** Opening DATASET EXTRACT block **
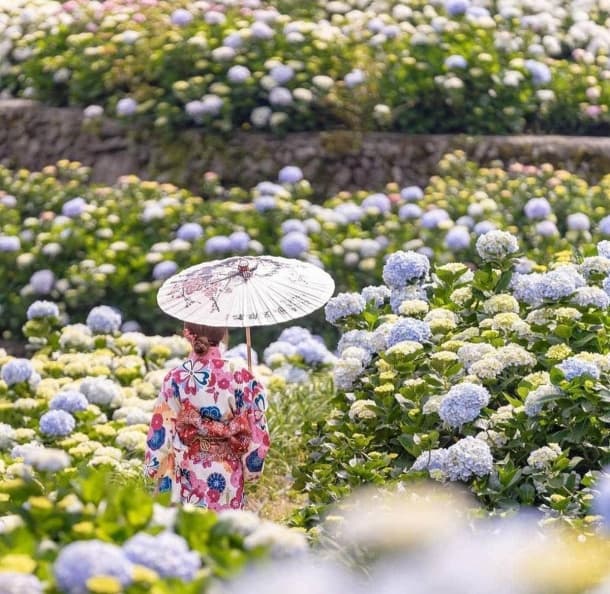 好拍到手痠!IG必追6大「繡球花夯點」:占地8000坪、萬株花海限時免費拍 好拍到手痠!IG必追6大「繡球花夯點」:占地8000坪、萬株花海限時免費拍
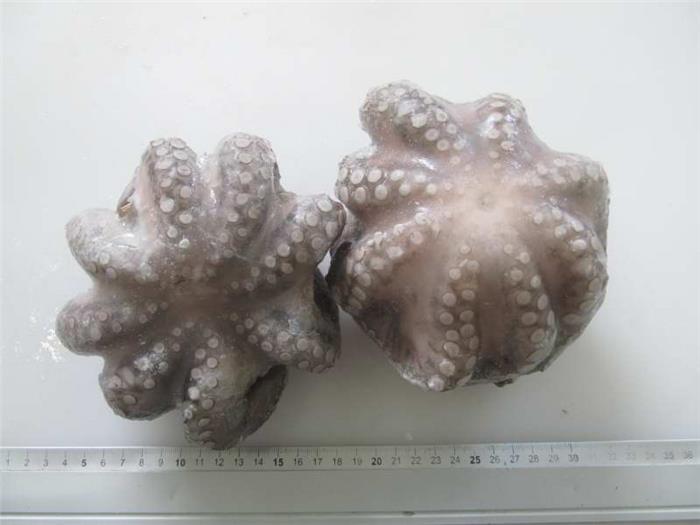 POLPI INDOPACIFICO 500/1000 IQF CONGELATO OCTOPUS CYANEA Z/FAO 71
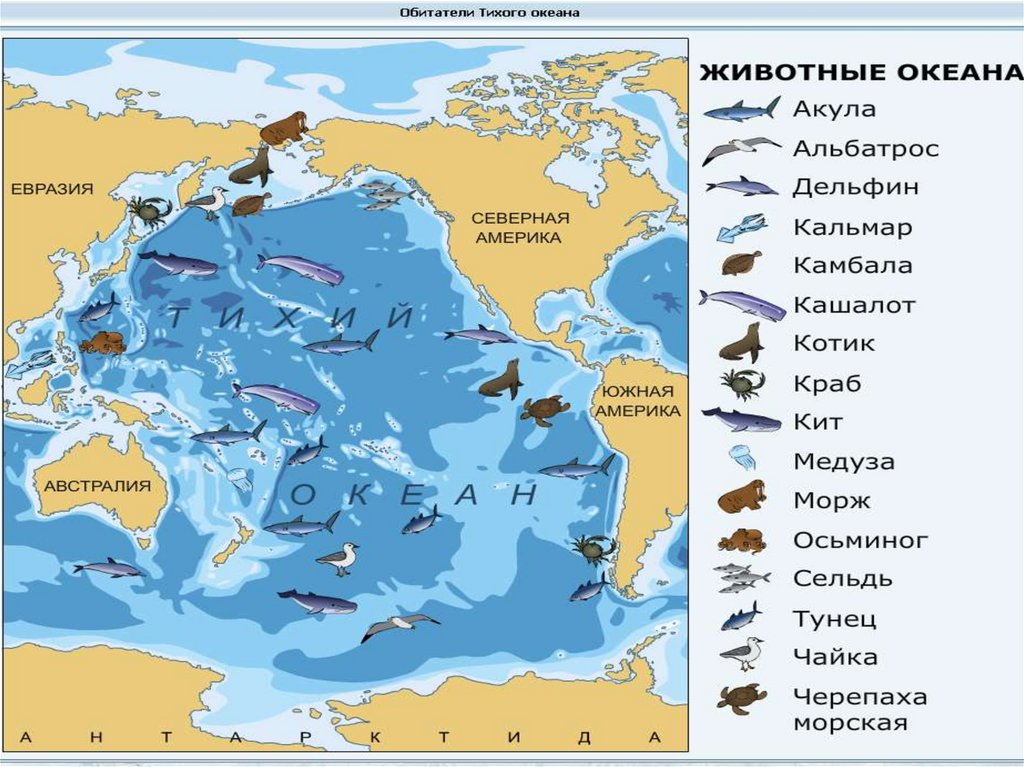 Размеры тихого океанов. Животные Тихого океана картак. Полезные ископаемые Тихого океана на карте. Районы рыболовства в тихом океане. Органический мир индийского океана на карте.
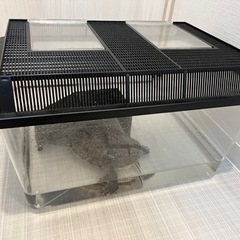ミシシッピアカミミガメ　亀好きな方、里親募集！ - 里親募集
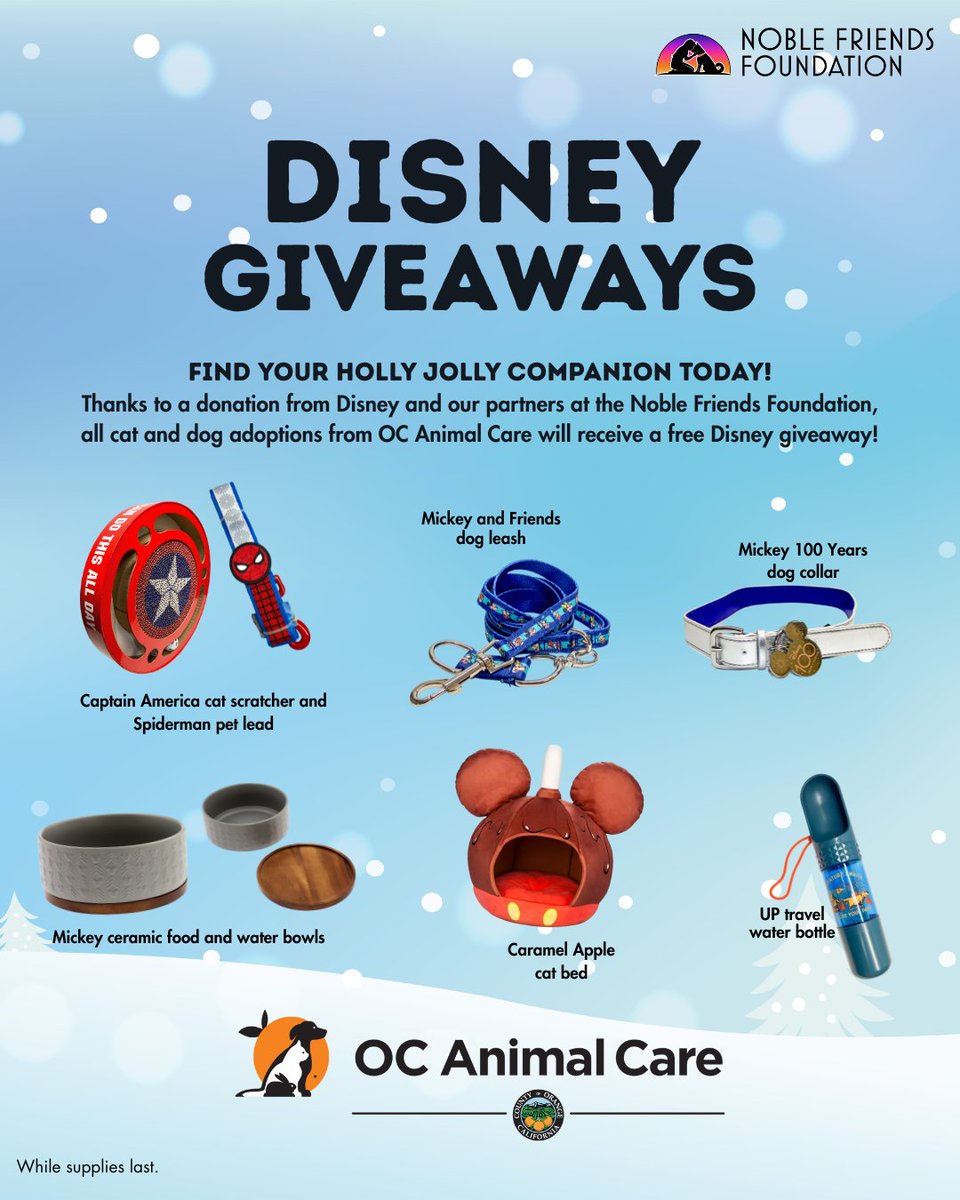 This holiday season, we are grateful for our Disney partners and the Noble Friends Foundation!  When you adopt a dog or cat from OC Animal Care, your new best friend will head home with a special treat from Disney!

While supplies last.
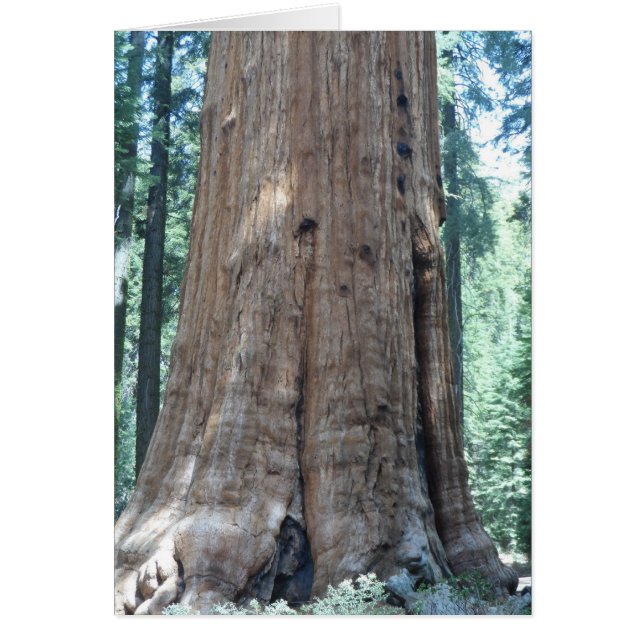 Parc national de Sequoia (Devant)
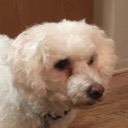 Coco The Dog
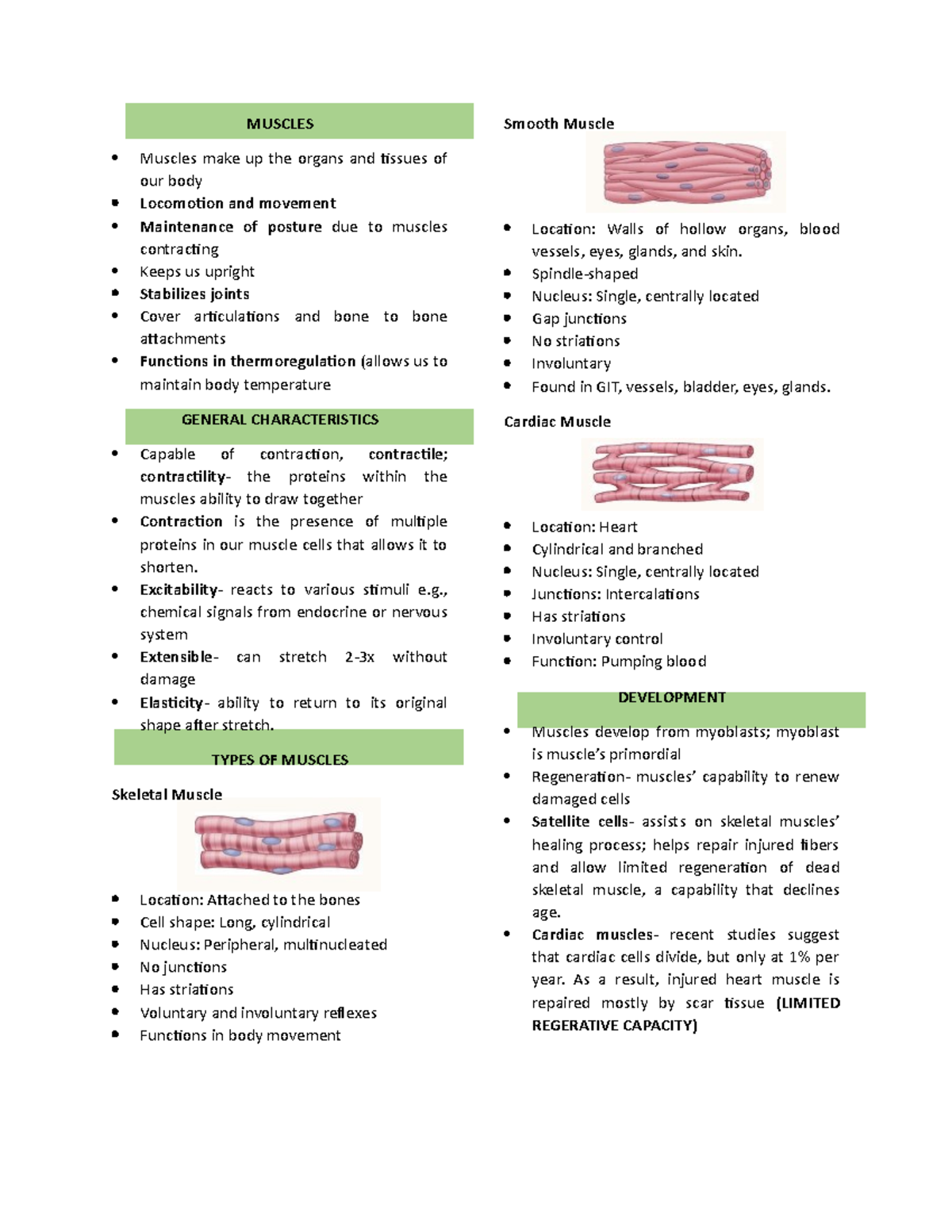 Histo LONG QUIZ - MUSCLES Muscles make up the organs and tissues of our ...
** Closing DATASET EXTRACT block **
Nothing but the records, copied exactly and stripped of pictures, should be returned.

▶ [TASK ANSWER]
 好拍到手痠!IG必追6大「繡球花夯點」:占地8000坪、萬株花海限時免費拍 好拍到手痠!IG必追6大「繡球花夯點」:占地8000坪、萬株花海限時免費拍
 POLPI INDOPACIFICO 500/1000 IQF CONGELATO OCTOPUS CYANEA Z/FAO 71
 Размеры тихого океанов. Животные Тихого океана картак. Полезные ископаемые Тихого океана на карте. Районы рыболовства в тихом океане. Органический мир индийского океана на карте.
ミシシッピアカミミガメ　亀好きな方、里親募集！ - 里親募集
 This holiday season, we are grateful for our Disney partners and the Noble Friends Foundation!  When you adopt a dog or cat from OC Animal Care, your new best friend will head home with a special treat from Disney!

While supplies last.
 Parc national de Sequoia (Devant)
 Coco The Dog
 Histo LONG QUIZ - MUSCLES Muscles make up the organs and tissues of our ...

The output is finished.